Data listing:
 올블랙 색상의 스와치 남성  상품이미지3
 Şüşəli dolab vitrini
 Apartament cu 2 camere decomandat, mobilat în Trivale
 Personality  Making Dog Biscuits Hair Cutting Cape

==

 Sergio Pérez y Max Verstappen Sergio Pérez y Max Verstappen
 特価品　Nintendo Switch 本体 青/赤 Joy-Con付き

---

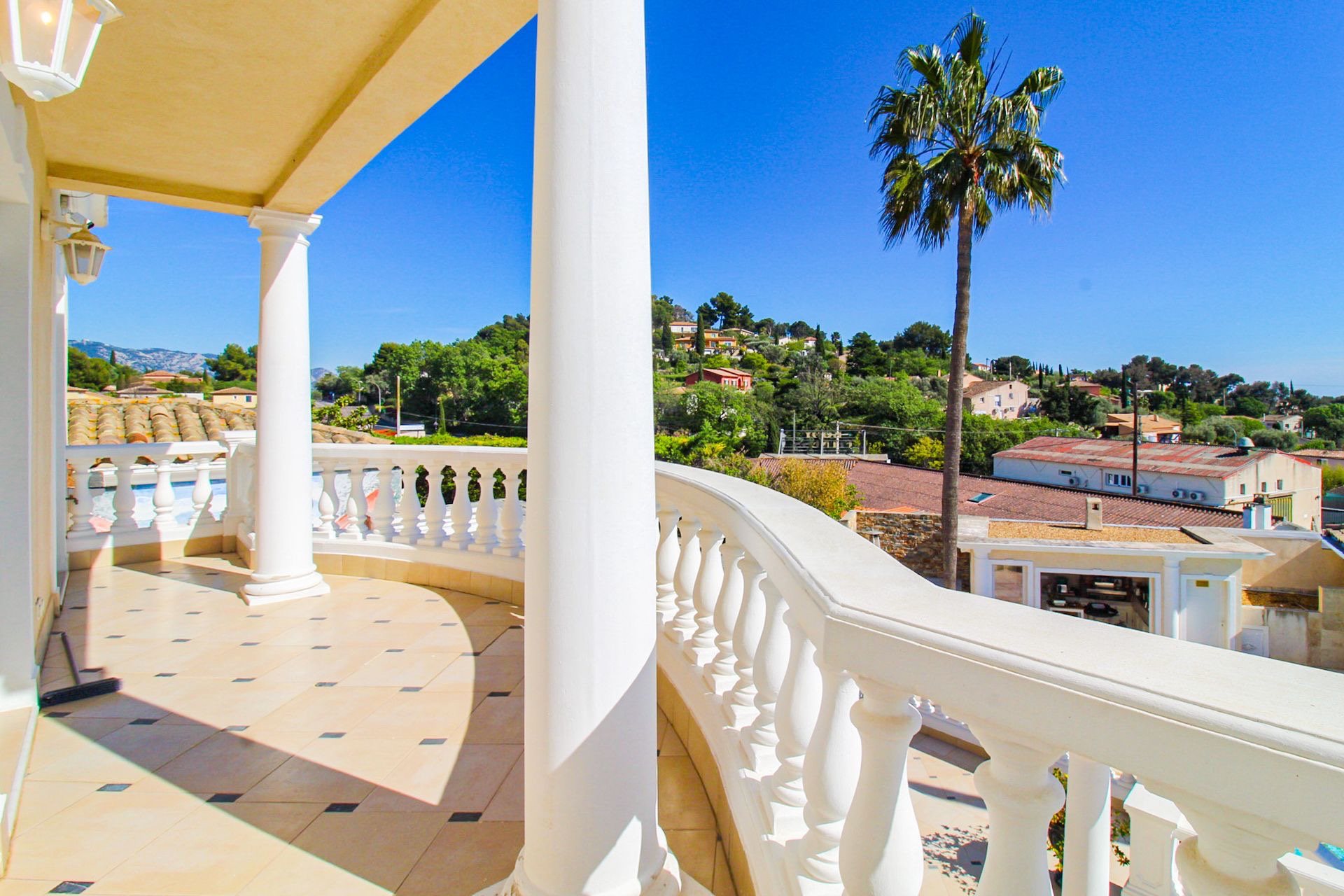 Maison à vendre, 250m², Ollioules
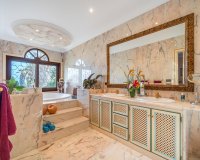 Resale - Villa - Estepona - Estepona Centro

Action item: Where the listing above reaches the line that contains "Sergio Pérez y Max Verstappen Sergio", start retyping, and finish with the line that contains "特価品　Nintendo Switch 本体 青/赤 Joy-Con付き"; reproduce those lines exactly and no others.

Result of the task:
 Sergio Pérez y Max Verstappen Sergio Pérez y Max Verstappen
 特価品　Nintendo Switch 本体 青/赤 Joy-Con付き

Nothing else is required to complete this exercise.